W3C

– DRAFT –
Media and Entertainment IG

10 December 2024

Attendees

Present
Ali_C_Begen, Bernd_Czelhan, Casey_Occhialini, Chris_Lorenzo, Chris_Needham, Daniel_Silhavy, Eric_Carlson, Francois_Daoust, Hisayuki_Ohmata, Jer_Noble, John_Riviello, Kaz_Ashimura, Mark_Young, Nigel_Megitt, Ryo_Yasuoka, Tatsuya_Igarashi, Thasso_Griebel, Yuriy_Reznik
Regrets
-
Chair
Chris_Lorenzo, Chris_Needham, Tatsuya_Igarashi
Scribe
cpn, kaz, tidoust

Meeting minutes

Slideset: https://www.w3.org/2011/webtv/wiki/images/b/bb/2024-12-10-MEIG-SVTA-MSE-Meeting.pdf

Introduction

Chris: This is a joint meeting with W3C and SVTA.

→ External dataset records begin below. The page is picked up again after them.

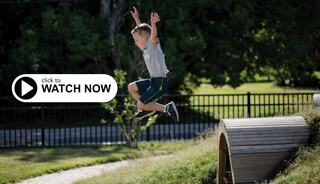 A boy joyfully leaps into the air, playing outdoors in a green, sunny environment, showcasing a moment of excitement and adventure.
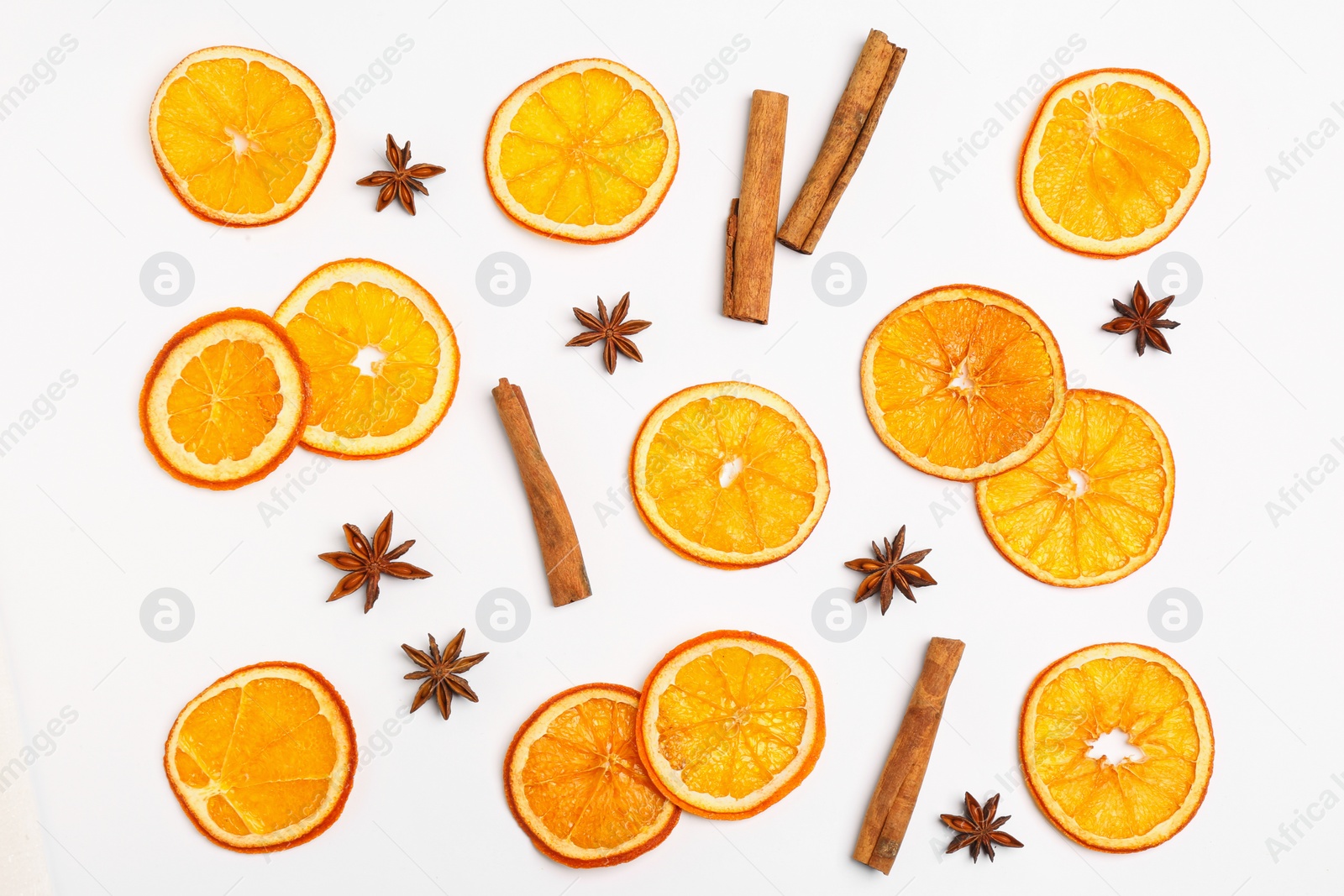 Photo of Flat lay composition with dry orange slices, anise stars and cinnamon sticks on white background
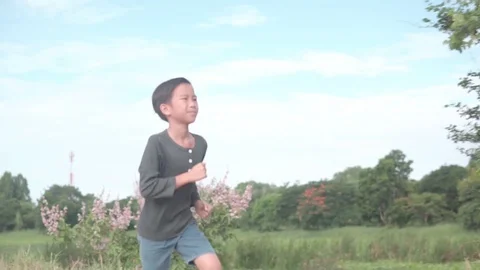 Young boy running during summer day Stock Footage 113535803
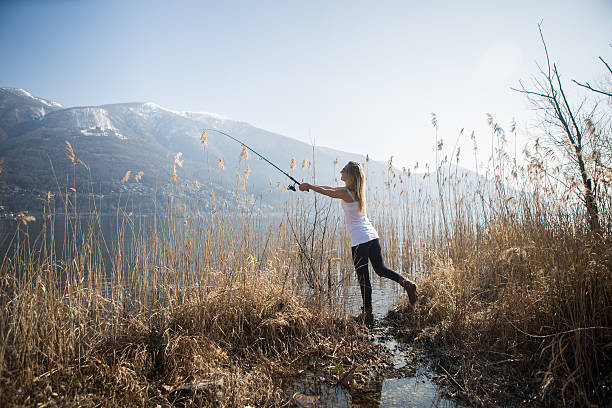 istock Young woman fishing 481466243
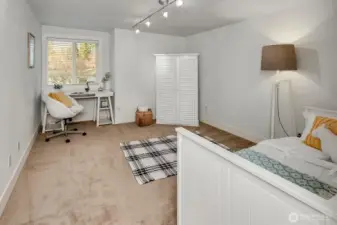 Spacious guest room 2 with walk-in closet.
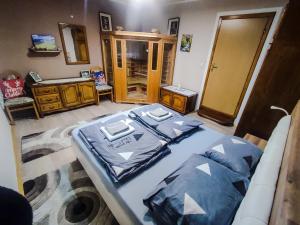 a bedroom with a large bed and a bathroom at Apartman Magic Sauna,Jakuzzi,Kino in Livno +8 photos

Daniel: We're SVTA / DASH-IF members, we want to share feedback around MSE, in the context of media player implementations
… Pain points and issues we see as developers. Maybe we're doing something wrong, you could provide your feedback
… Improve existing implementations, and we want to understand what you're working on: EME, other APIs
… I'd like to join calls more frequently in future

[Slide 3]

Daniel: We want to discuss each topic in turn

[Slide 4]

Thasso: I work for CastLabs, leading the player team there. We have experience dealing with MSE etc

Daniel: I'm with Fraunhofer Fokus, lead developer of Dash.js, and co-chair of the SVTA players and playback WG
… Ali and Yuriy are chairs with me

Chris: This is Media & Entertainment IG, which focuses on industry coordination and use cases and requirements. This group can't develop specs.
… I also co-chair Media WG, which does the standards-track spec development for MSE, EME, WebCodecs, Media Capabilities, etc.

[Slide 6]

Daniel: We have various groups and subgroups in SVTA. DASH-IF and SVTA merged

Discussion items

[Slide 8]

Daniel: We have a general structure for the discussion: how it's working today, implementation issues and implications, and workarounds in players, suggested improvements to MSE and related use cases

Buffer capacity

[Slide 9]

Daniel: Every media player buffers data. Create SourceBuffers and append data
… The app can define the size of the forward and backward buffers
… The forward buffer has a trade off with latency
… A limitation we have is memory of buffer capacity. There's no API to query how much data we can append to the buffer
… We schedule a request for a media segment, but we get QuotaExceeded if there isn't sufficient capacity
… What would improve the behaviour is to have a way to query the capacity, then we can delay appending and the fetching of the segment
… What we do today is way for the error event, then reduce the max possible buffer
… And adjust the backward and forward buffer. Would help every player, with downloading segments

Jer: I wrote the MSE player implementation in WebKit. Do you want a general idea of how much room is available without doing appends first? Are you asking for remaining buffer size or something more general?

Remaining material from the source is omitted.